### What is needed
Exclude pictures; retype the lines below from the line containing "Xuân Thu Bá Đồ Chapter 327 - 55" through the end of the records, both ends kept.

(Pictures with short captions)
Segment Open
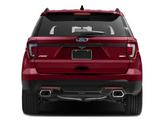 Thumbnail of 2017 SHADOW BLACK Ford Explorer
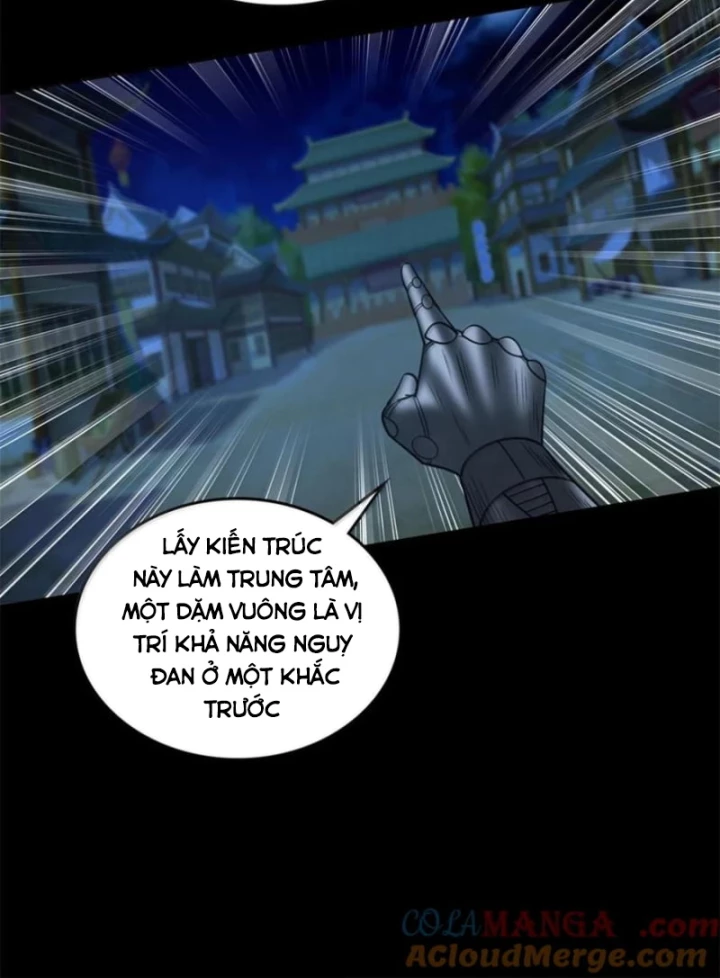 Xuân Thu Bá Đồ Chapter 327 - 55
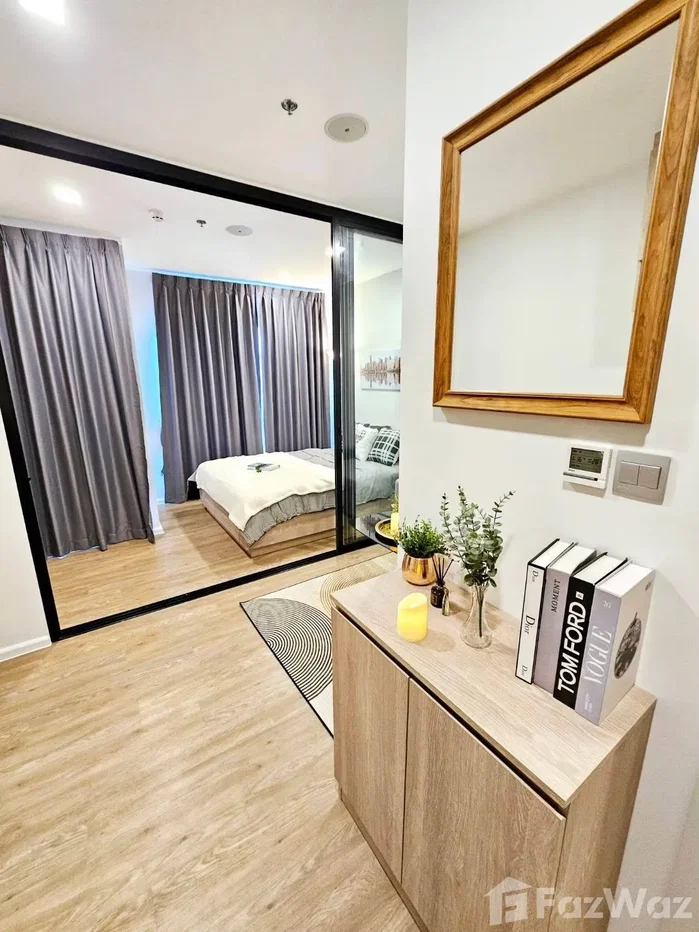 picture 1 Bedroom Condo for sale at Modiz Sukhumvit 50 6857979 - 2/5
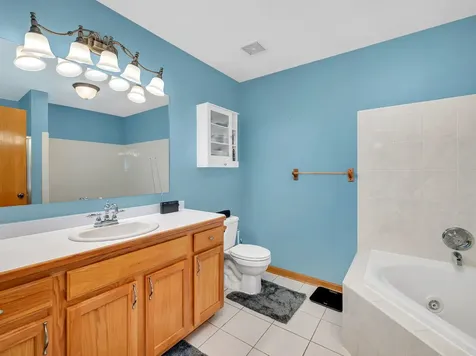 1675 Nelson Road New Lenox IL 60451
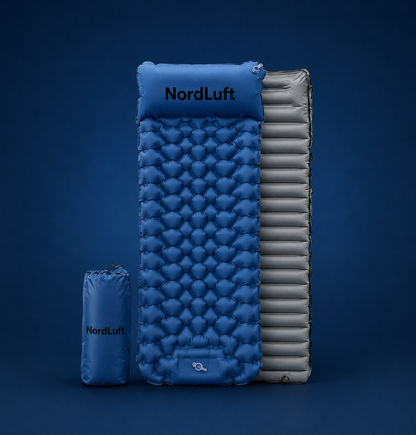 NordLuft Kompakt Luftmadrass
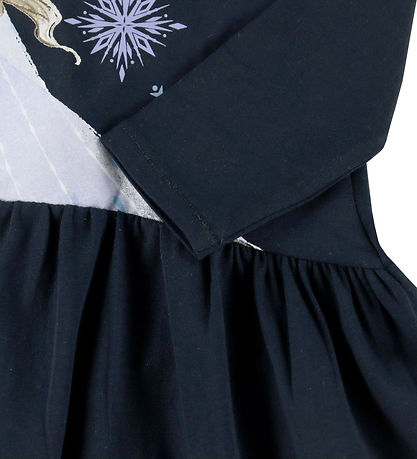 Name It Kleid - NmfPjulina - Dark Sapphire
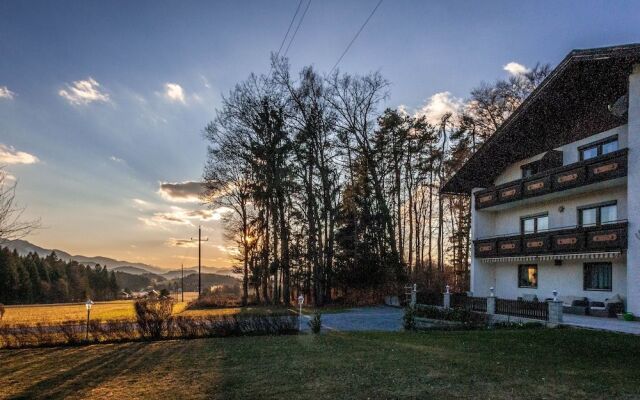Waldpension Schiefling am See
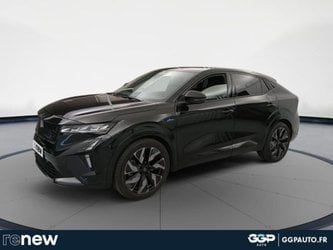 Voitures D'occasion À Faches Thumesnil | Renault Rafale 1.2 E-Tech Full Hybrid 200Ch Esprit Alpine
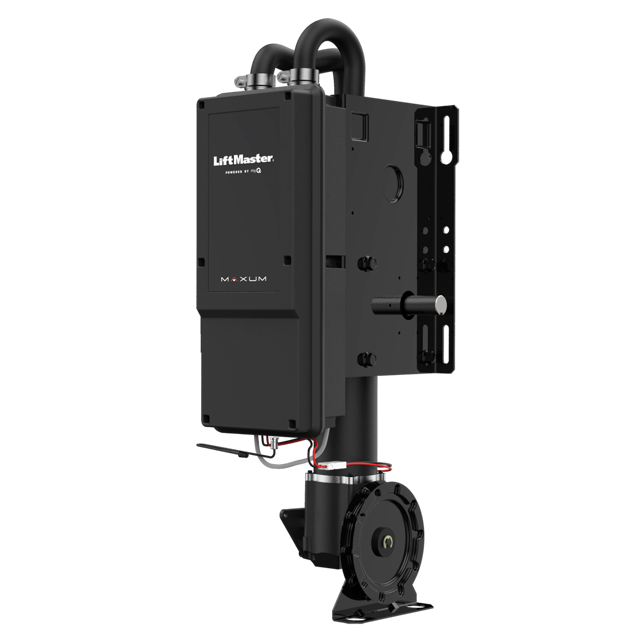Liftmaster Industrial DC Operators JHDC12S4BMC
Segment Closed
### Output
 Xuân Thu Bá Đồ Chapter 327 - 55
 picture 1 Bedroom Condo for sale at Modiz Sukhumvit 50 6857979 - 2/5
 1675 Nelson Road New Lenox IL 60451
 NordLuft Kompakt Luftmadrass
 Name It Kleid - NmfPjulina - Dark Sapphire
Waldpension Schiefling am See
 Voitures D'occasion À Faches Thumesnil | Renault Rafale 1.2 E-Tech Full Hybrid 200Ch Esprit Alpine
Liftmaster Industrial DC Operators JHDC12S4BMC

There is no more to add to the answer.